EXERCISE OBJECTIVE = Every entry must be copied word for word.

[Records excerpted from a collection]
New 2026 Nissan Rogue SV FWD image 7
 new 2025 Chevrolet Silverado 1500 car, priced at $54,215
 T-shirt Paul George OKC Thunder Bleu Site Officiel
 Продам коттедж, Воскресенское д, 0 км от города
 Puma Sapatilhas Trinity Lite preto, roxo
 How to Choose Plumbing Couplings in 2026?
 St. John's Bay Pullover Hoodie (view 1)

EXERCISE SOLUTION =
New 2026 Nissan Rogue SV FWD image 7
 new 2025 Chevrolet Silverado 1500 car, priced at $54,215
 T-shirt Paul George OKC Thunder Bleu Site Officiel
 Продам коттедж, Воскресенское д, 0 км от города
 Puma Sapatilhas Trinity Lite preto, roxo
 How to Choose Plumbing Couplings in 2026?
 St. John's Bay Pullover Hoodie (view 1)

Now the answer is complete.